I don't watch Top Chef or pay much attention to the latest reality chef/cooking shows. So I'm still not sure who Malcolm Mitchell really is, but we strolled by the newly reinvented
Mint Gastropub on a Sunday afternoon and the place was still open for brunch. We were there, it was there; why not?
I did not anticipate anything spectacular and I already have it in for the word "gastropub." This word contains no charm or appeal for me. I hope the word dies a quick and unremarkable death.
Despite the word issue, I had a delicious meal. I started with the Porch Rocker, a bourbon concoction with Maker's Mark, agave nectar, lemon, and mint. The mint leaf in the ice cube was a cute detail.

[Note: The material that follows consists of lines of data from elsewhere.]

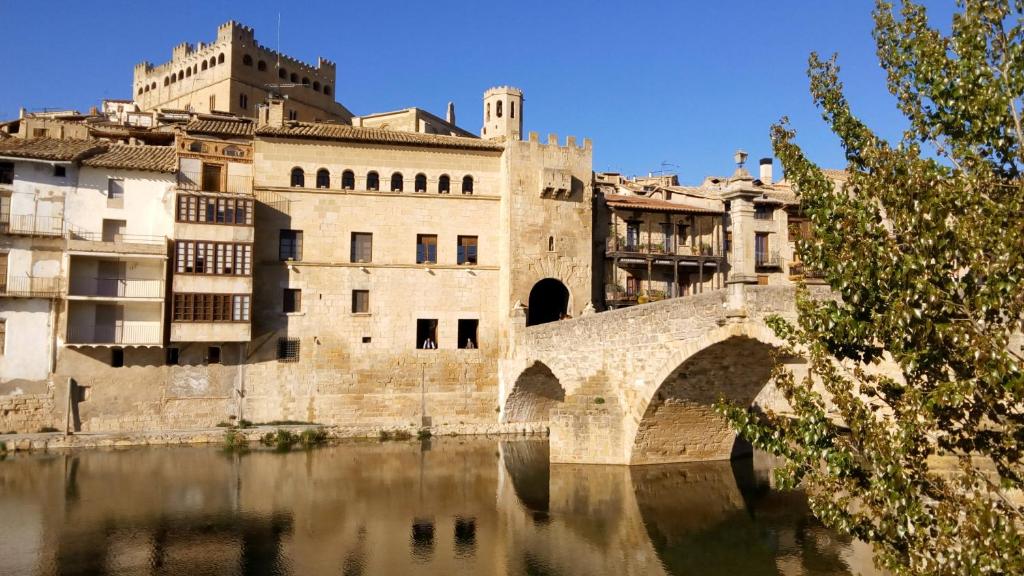 een oud gebouw met een brug over een waterlichaam bij Hotel Querol in Valderrobres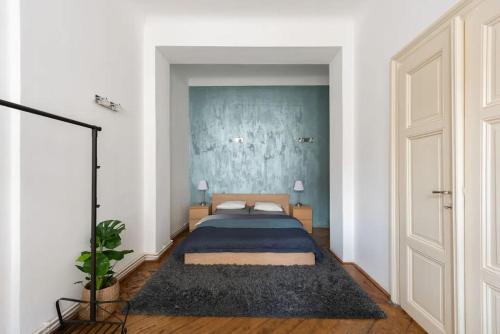 1 dormitorio con cama y pared azul en Spacious apartment with balcony at Wenceslas Sq, en Praga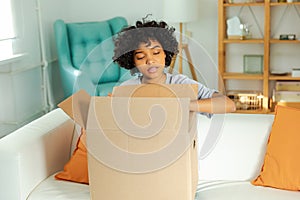African girl unpacking delivery looking in box. Happy woman opening carton box. Female getting parcel looking at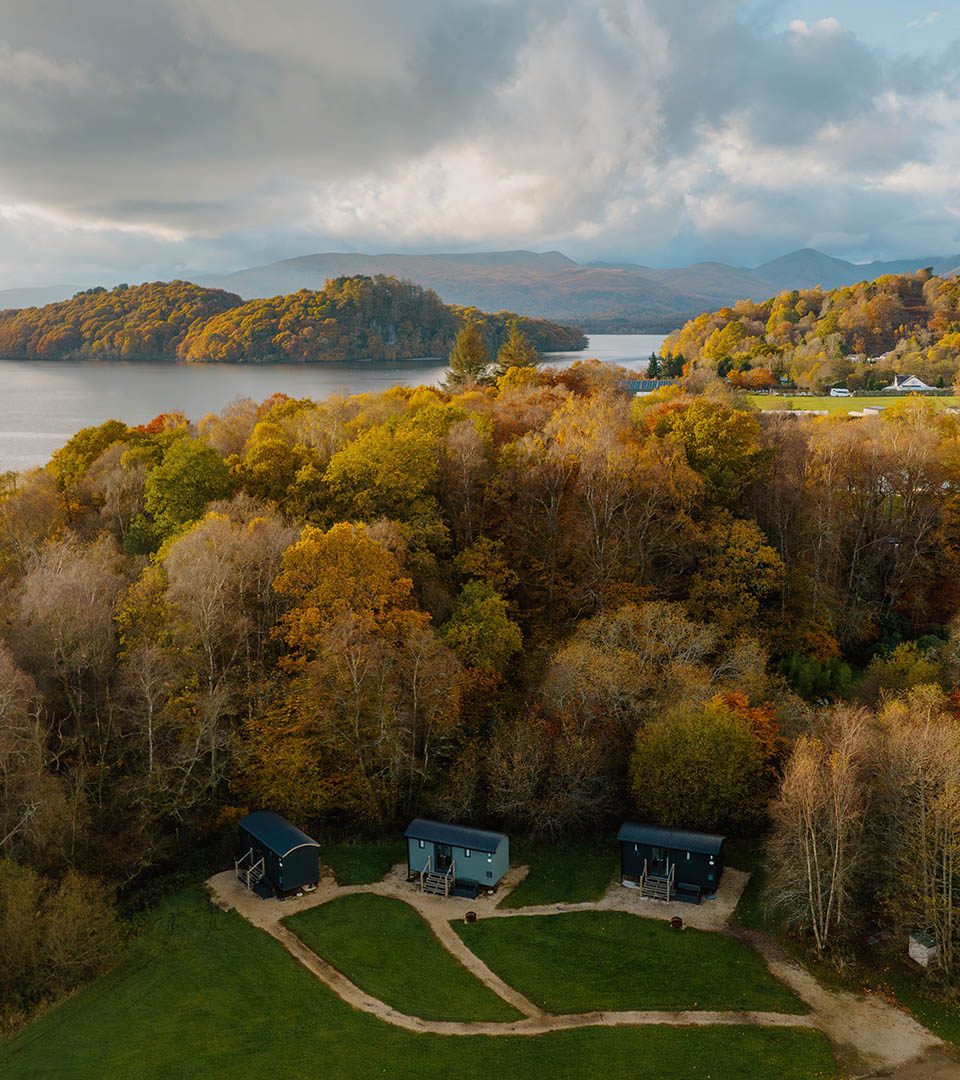 Three Shepherd's Huts with Loch Lomond in the background at Loch Lomond Waterfront luxury lodges in Balmaha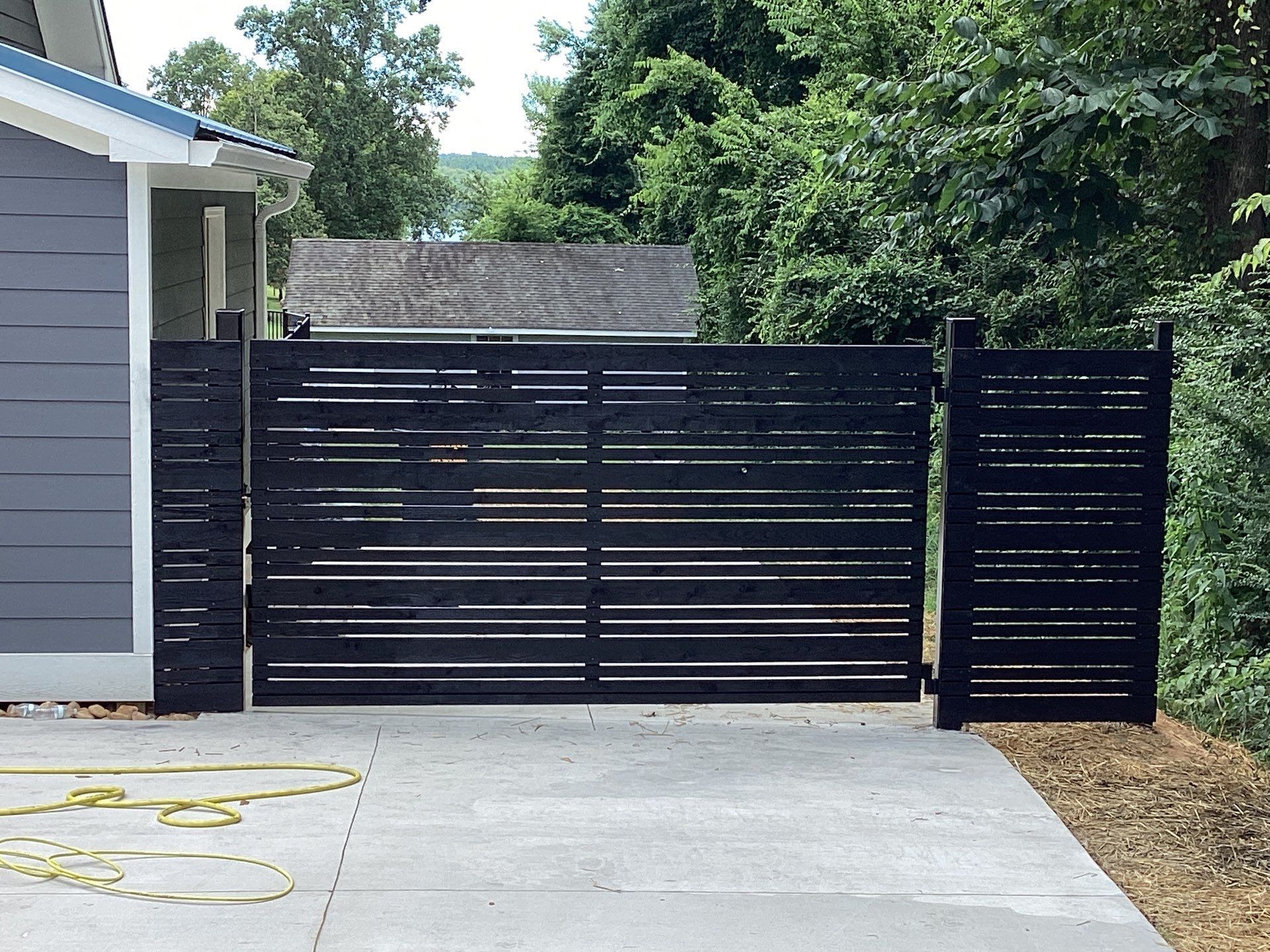Black horizontal slat gate and fence on a concrete driveway, next to a blue house.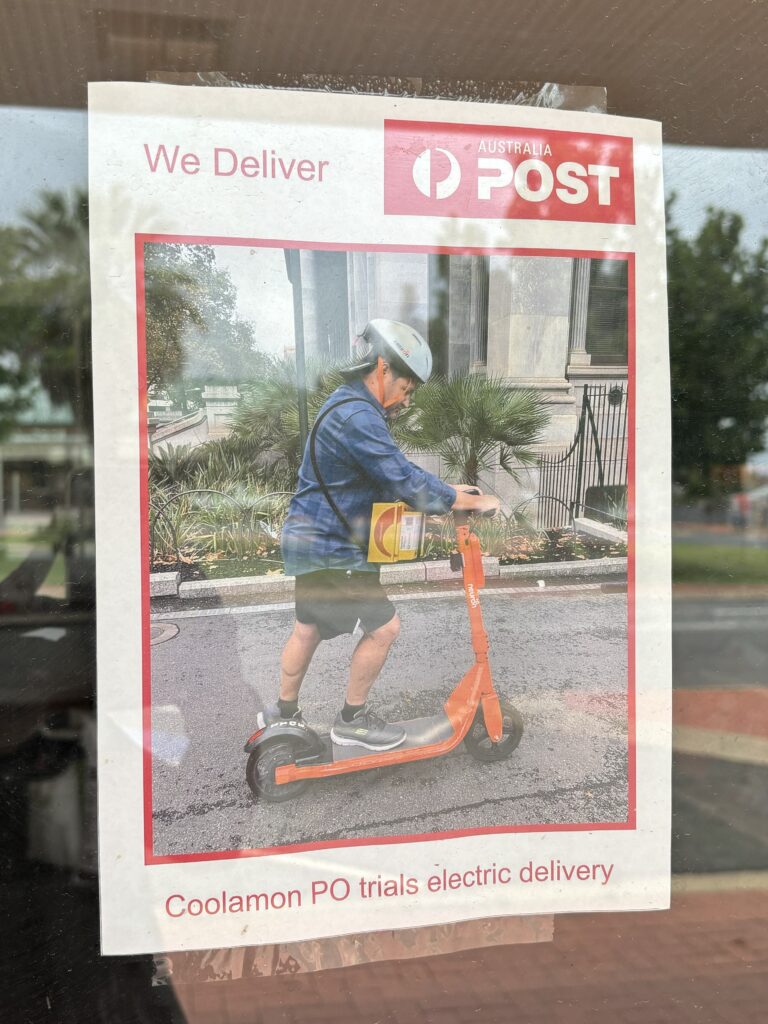 A poster stuck on a window with the Australia Post logo that reads: "We Deliver/Coolamon PO trials electric delivery" and an image of a person on an orange electric scooter and an two packages strapped on their shoulder.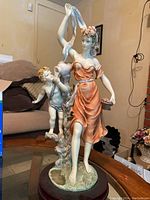 Full view of the La Anina Collection statue showing a woman and cherub on a wooden base in a room.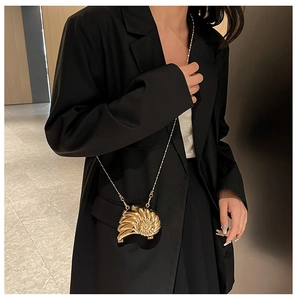 Detailansicht einer goldfarbenen Schnecken-Abendtasche mit eleganter Metallkette
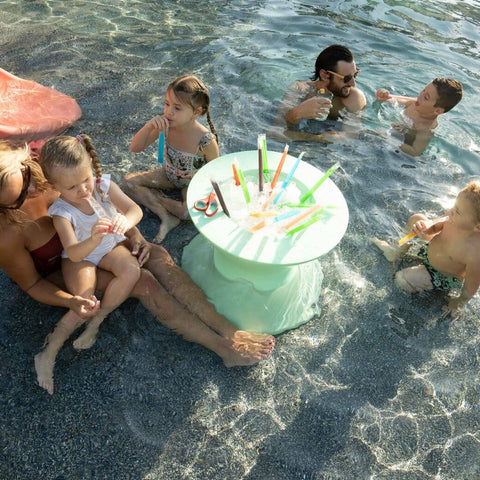 Group of children and adults in a pool eating ice pops, surrounding ice bin filled with ice and ice pops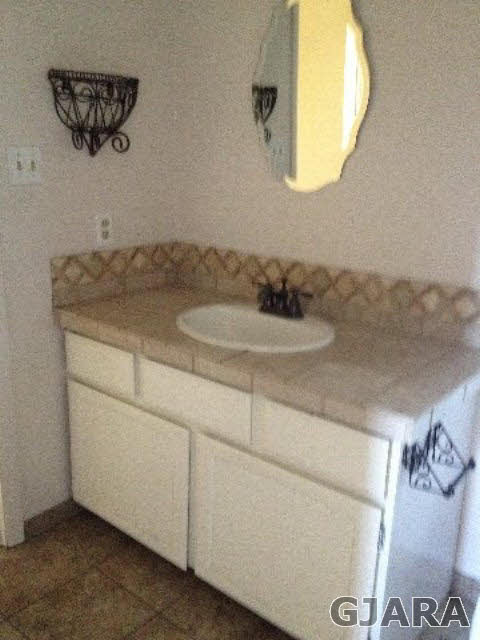 2721 Patterson Road, Unit 802 Grand Junction, CO 81506 - Photo 9 of 12 a bathroom with a granite countertop sink and a mirror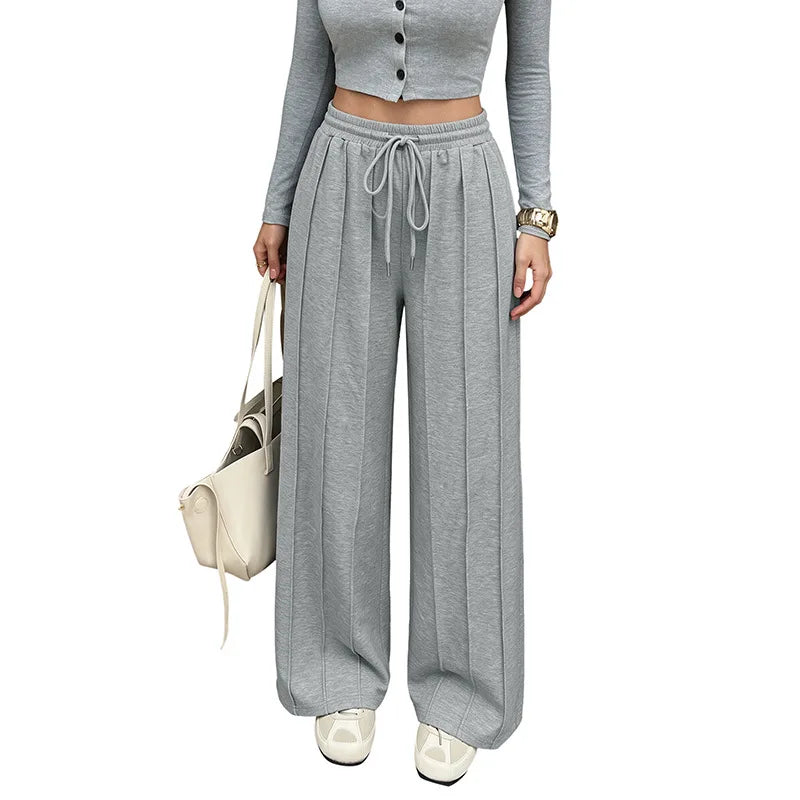 KAIA | Pantalón jogger plisado de pierna ancha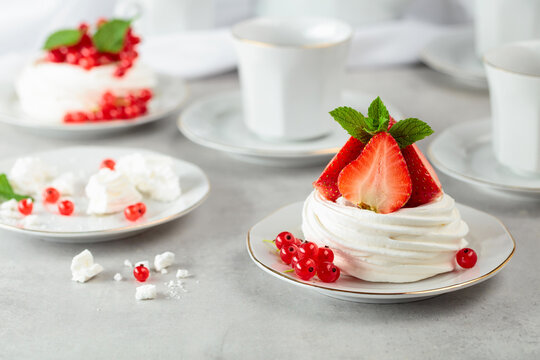 Pavlova dessert with strawberries, red currant, and mint.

To eat I ordered the Bison Breakfast Burger with Frites. The burger had caramelized onions, a fried egg, and smoked cheddar. The egg was slightly runny to drip down the sides of the bison. A bit messy, but the way it should be served. A mac-daddy burger that I thoroughly enjoyed. (Please notice that the bun was also grilled.)
Roasted garlic horseradish mayo was placed in a little container to be used for either the burger or the frites. I recommend using the strong garlic garnish on the frites.
So, I still really do not know who Malcolm is, but he can put together a kick-ass burger for brunch.